Open jyasskin opened 4 years ago
I think so, unless @annevk has other thoughts.
Is there any reason the proposal for web font caching needs to be coupled with the proposal for restricting system fonts? I think the latter is something we're likely supportive of, and thus would prefer to send disjoint signals on those two things.
also CC @TanviHacks and @martinthomson
Unfortunately, the CSSWG is concerned about the impact on minority linguistic communities if we just block system fonts without some other way to let those users cache the fonts. I think #6 (let users "install" fonts to the web) doesn't solve your concern either, because it's unfair to expect users to know that they're picking a font they don't want an attacker to know about.

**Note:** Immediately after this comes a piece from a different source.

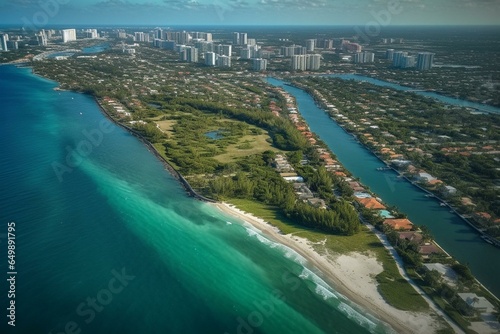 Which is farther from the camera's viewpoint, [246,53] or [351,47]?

It is totally reasonable for some browsers to pre-cache all the "common" fonts if they're worried about the privacy impact of caching them on demand, in case that would help your concern.

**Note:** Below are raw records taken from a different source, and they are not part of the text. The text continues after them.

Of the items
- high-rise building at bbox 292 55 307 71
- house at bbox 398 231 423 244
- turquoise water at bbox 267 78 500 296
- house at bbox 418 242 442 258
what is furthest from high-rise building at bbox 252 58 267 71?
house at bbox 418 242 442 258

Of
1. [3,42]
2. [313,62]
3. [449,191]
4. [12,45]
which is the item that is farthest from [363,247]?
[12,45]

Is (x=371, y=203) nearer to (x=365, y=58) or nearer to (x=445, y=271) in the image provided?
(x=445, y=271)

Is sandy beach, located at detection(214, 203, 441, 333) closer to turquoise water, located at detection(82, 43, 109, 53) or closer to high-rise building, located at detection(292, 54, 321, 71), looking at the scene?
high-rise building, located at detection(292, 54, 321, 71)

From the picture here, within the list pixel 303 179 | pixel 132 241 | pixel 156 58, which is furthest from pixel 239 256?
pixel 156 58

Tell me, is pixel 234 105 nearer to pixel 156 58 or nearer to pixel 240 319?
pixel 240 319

@bholley the CSSWG is definitely concerned about minority linguistic communities, but I don't think there's consensus that caching webfonts is the right fix for that issue. So to my mind separating the web font caching proposal from restricting local font access (with a different fix to avoid breaking minority linguistic content) is reasonable.

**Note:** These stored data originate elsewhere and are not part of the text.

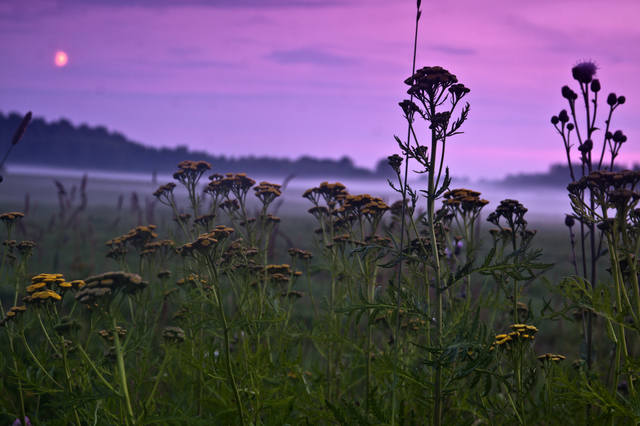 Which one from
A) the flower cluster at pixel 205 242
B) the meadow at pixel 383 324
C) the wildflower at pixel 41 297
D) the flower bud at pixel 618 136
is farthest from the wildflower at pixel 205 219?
the flower bud at pixel 618 136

I would prefer it if this were taken to https://github.com/mozilla/standards-positions first.
I agree with Bobby (and Anne) here and the comments they have made are likely to stick. However, we do have a process that we're trying to use consistently and I don't want to set a precedent that a comment on a GitHub issue is taken for our formal position.
'k, thanks. I'm going to update the proposal tomorrow with a possible compromise, and then I'll poke mozilla/standards-positions.